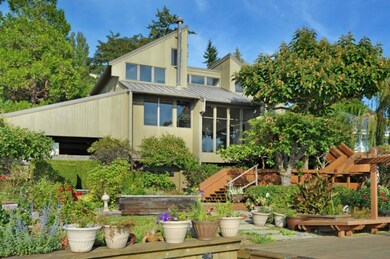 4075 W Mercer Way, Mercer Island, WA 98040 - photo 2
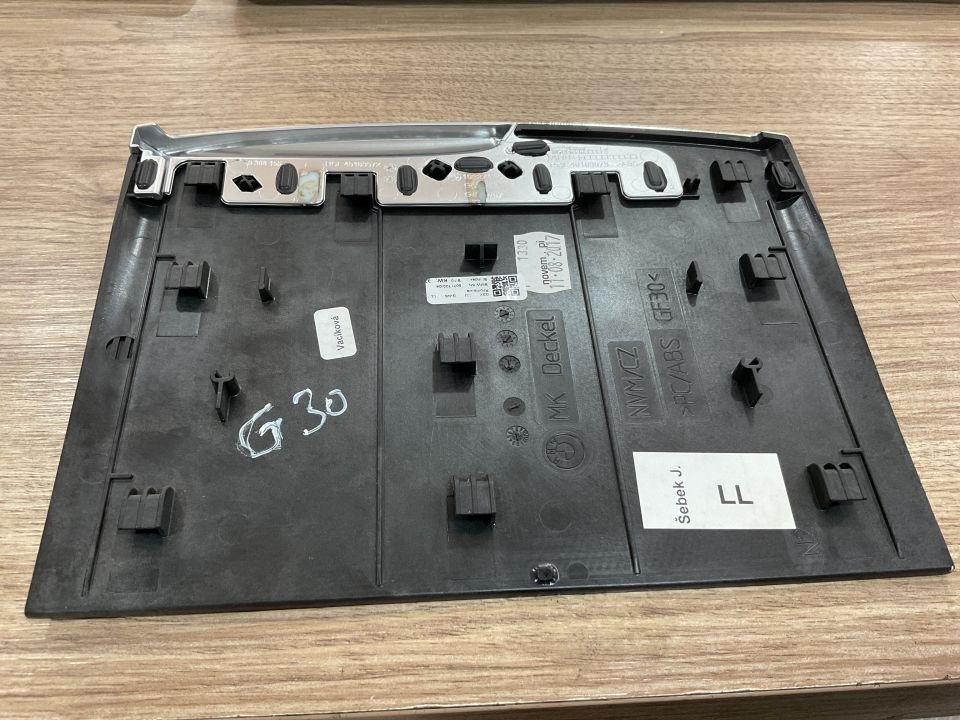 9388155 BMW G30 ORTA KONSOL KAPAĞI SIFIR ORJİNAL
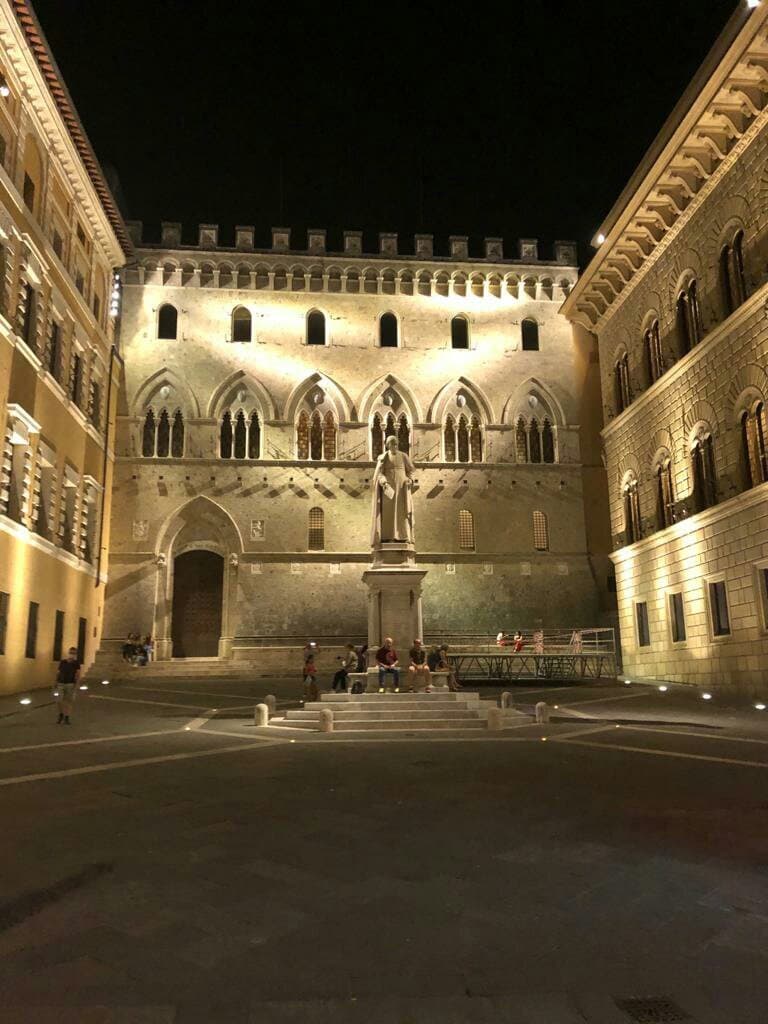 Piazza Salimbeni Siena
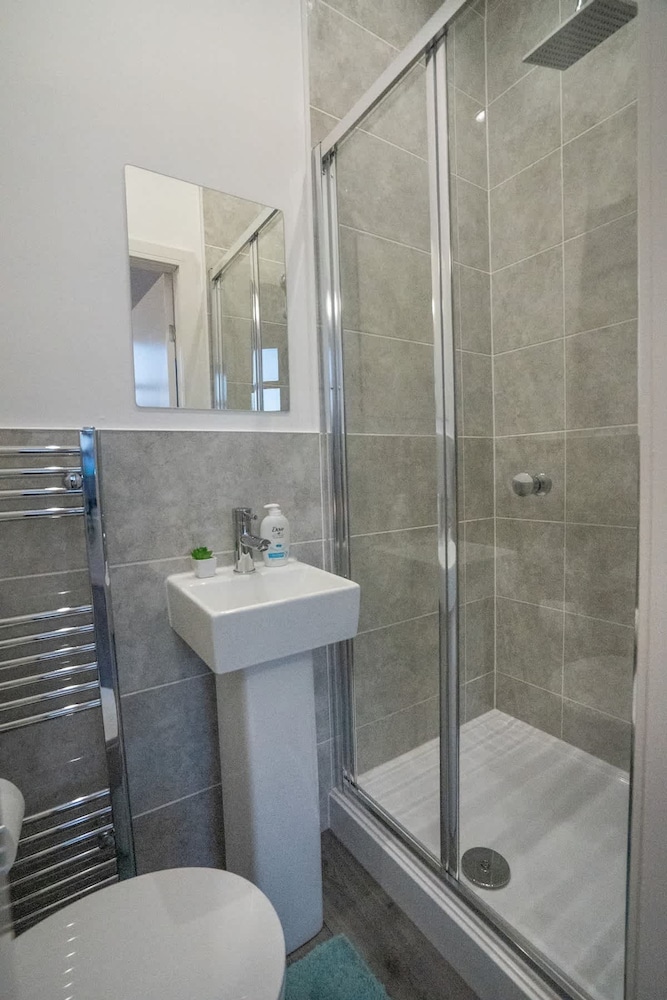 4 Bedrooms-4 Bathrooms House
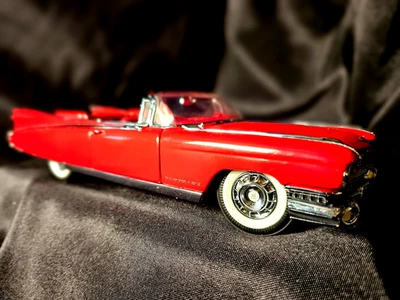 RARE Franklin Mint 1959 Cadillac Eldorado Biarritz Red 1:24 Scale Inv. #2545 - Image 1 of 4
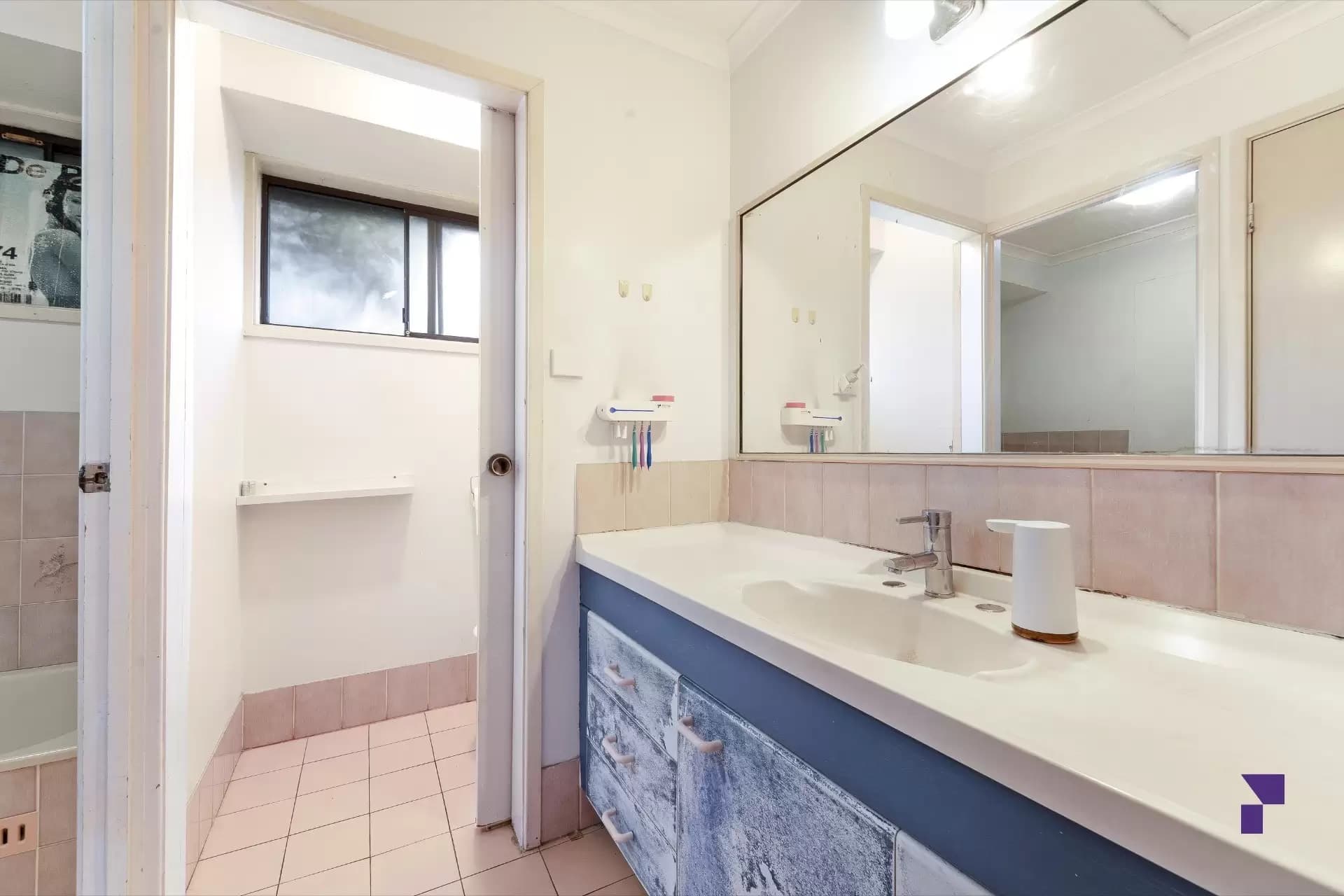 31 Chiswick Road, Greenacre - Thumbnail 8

— TASK GOAL —
Make an exact copy of the data above, pictures excluded.

— WORKED SOLUTION —
 4075 W Mercer Way, Mercer Island, WA 98040 - photo 2
 9388155 BMW G30 ORTA KONSOL KAPAĞI SIFIR ORJİNAL
 Piazza Salimbeni Siena
 4 Bedrooms-4 Bathrooms House
 RARE Franklin Mint 1959 Cadillac Eldorado Biarritz Red 1:24 Scale Inv. #2545 - Image 1 of 4
 31 Chiswick Road, Greenacre - Thumbnail 8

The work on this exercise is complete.